He continued. “Every now and then, anomalies, bumps and folds appear in what is usually straight. When an event coincides with this anomaly, it can affect how someone might perceive that event. Scientists don't know how time travel happens, but they do not doubt that it should be possible. People just don't know how to do it yet.”
Jake nodded, as if he knew exactly what was going on. Time was not to be understood as a piece of paper or a ribbon, whatever that was supposed to mean. His confusion was clearly showing again, and Will noticed it.
“Maybe I’m not explaining this very well,” he said. He pulled out a piece of ribbon from a small cupboard by his chair. After a few more seconds of rummaging, he found a piece of string. He then held up the ribbon and continued. “People seem to believe that time is a smooth sequence of events that happen all around us. This is not true. For a start, time is just how we as a race measure events and the aligning of the planets. In that sense, time doesn’t really exist. Are you following me?”
Jake was following, but he felt like he was falling some way behind the conversation.

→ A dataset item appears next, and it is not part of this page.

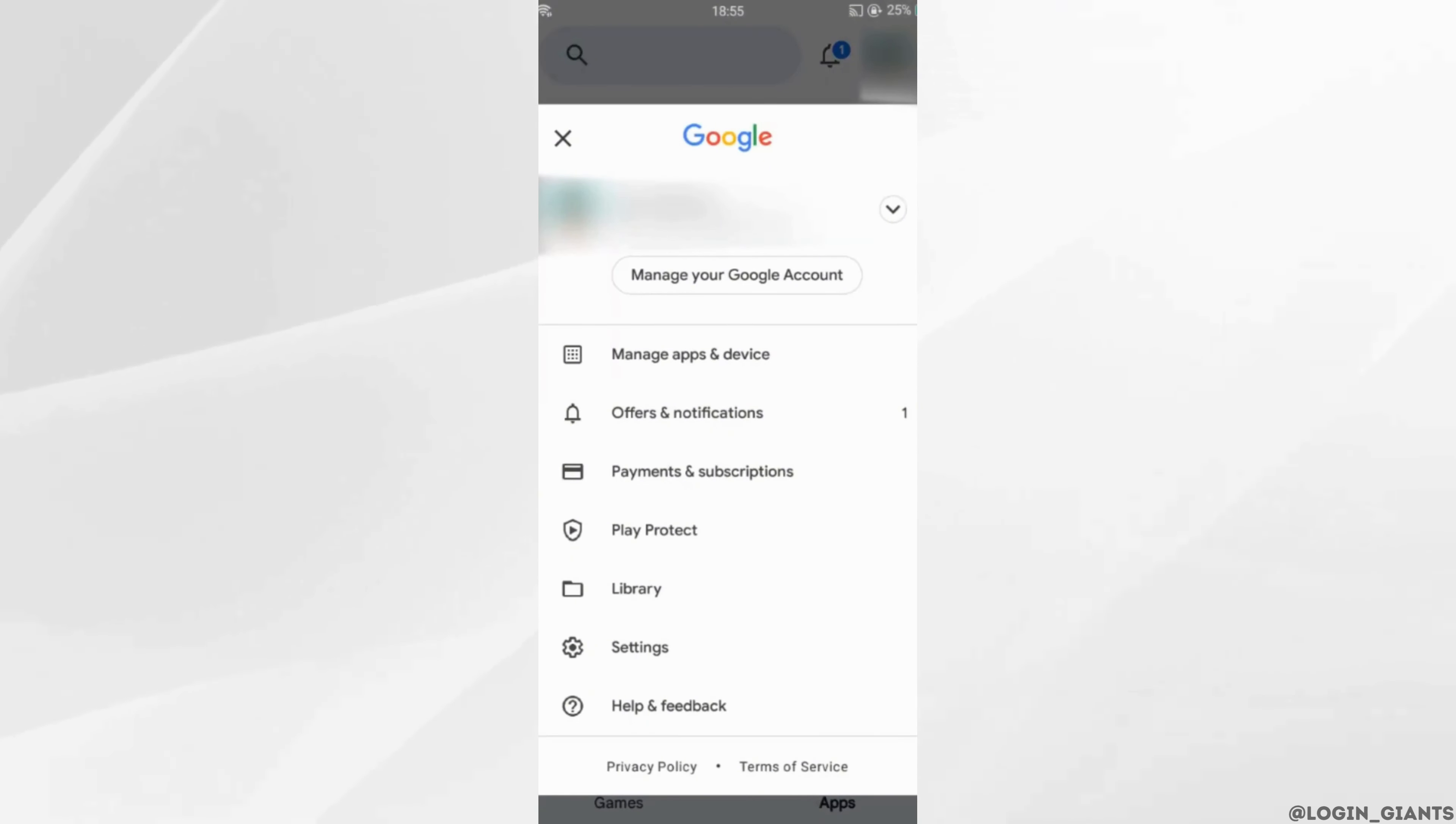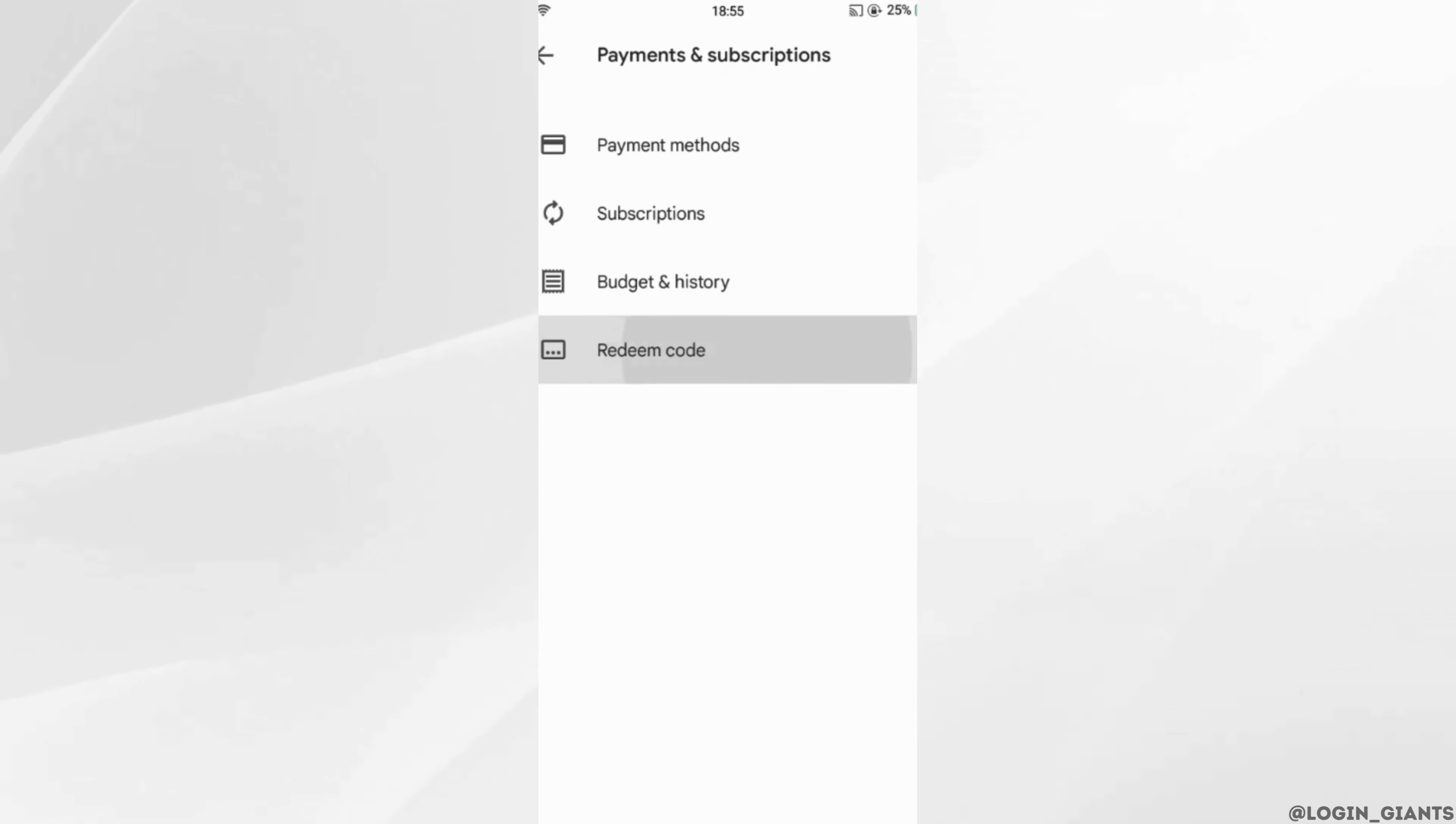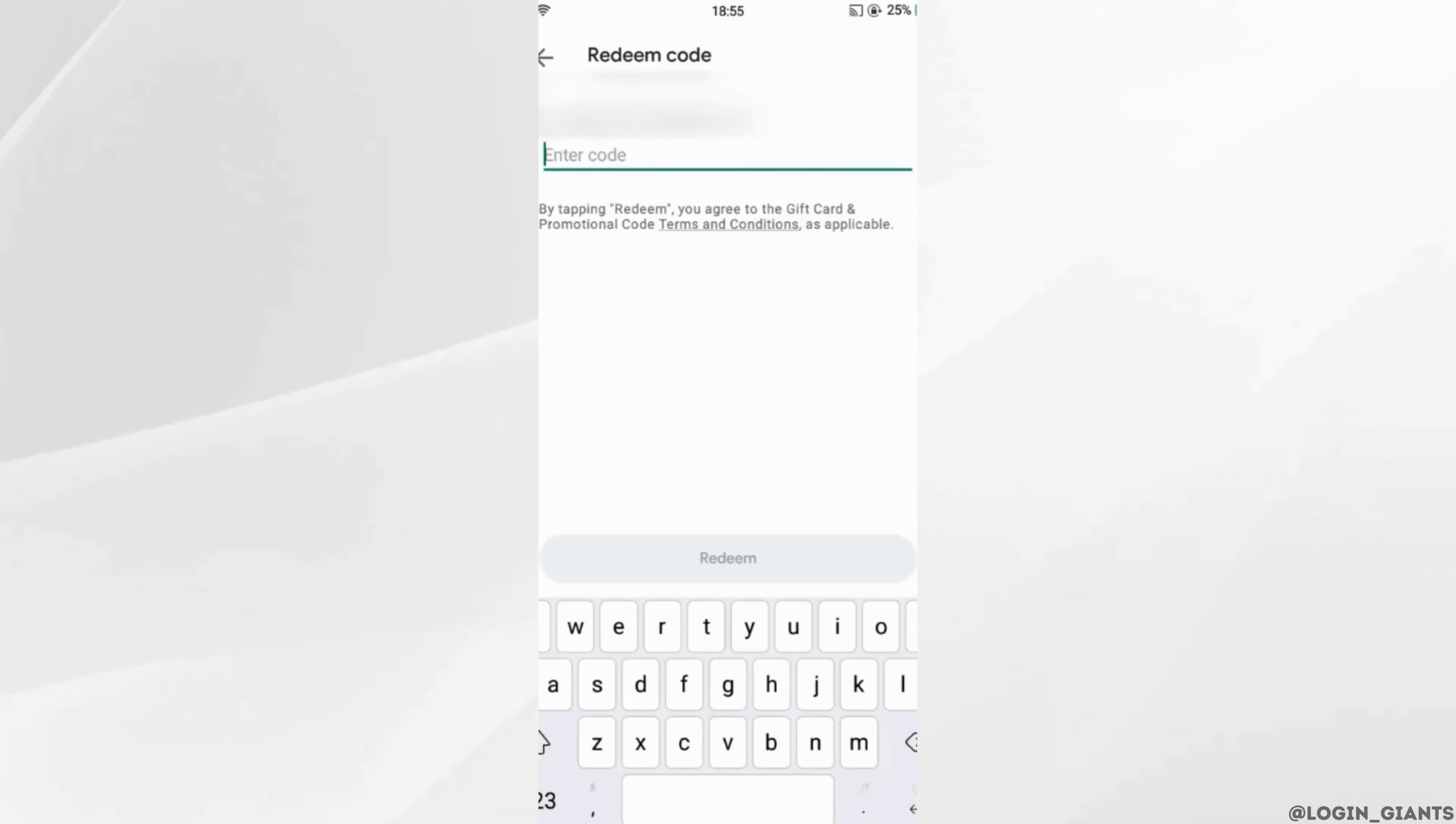Then move into Payments and Subscriptions. Over here you'll see the option where it says Redeem Code. Head over to it, it will lead you to this page. So right here, if you normally put the gift card code...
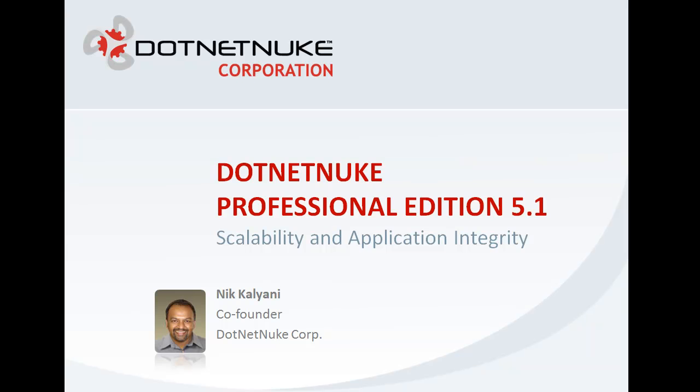Hi, my name is Nick Kalyani. I'm the co-founder of .NET Nuke Corporation. In this video I will demonstrate the scalability and application integrity features of .NET Nuke Professional Edition 5.1.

“Time is just a unit of measurement, and isn’t a ribbon or a piece of paper,” Jake said, trying to prove he was listening.
“Exactly!” Will confirmed, very enthusiastically. Jake found this man to be very unusual. He was the kind of person Jake would usually humour, and then learn to ignore at every subsequent meeting. However, he knew he needed to understand this conversation, because lives might depend on it. For him to listen carefully he needed to ignore the fact that this man met every requirement of the geek stereotype, and would have easily been the kind of person Jake would have picked on in school. His mind was prone to wandering, but he could tune it to a conversation when necessary, and this was one of those times.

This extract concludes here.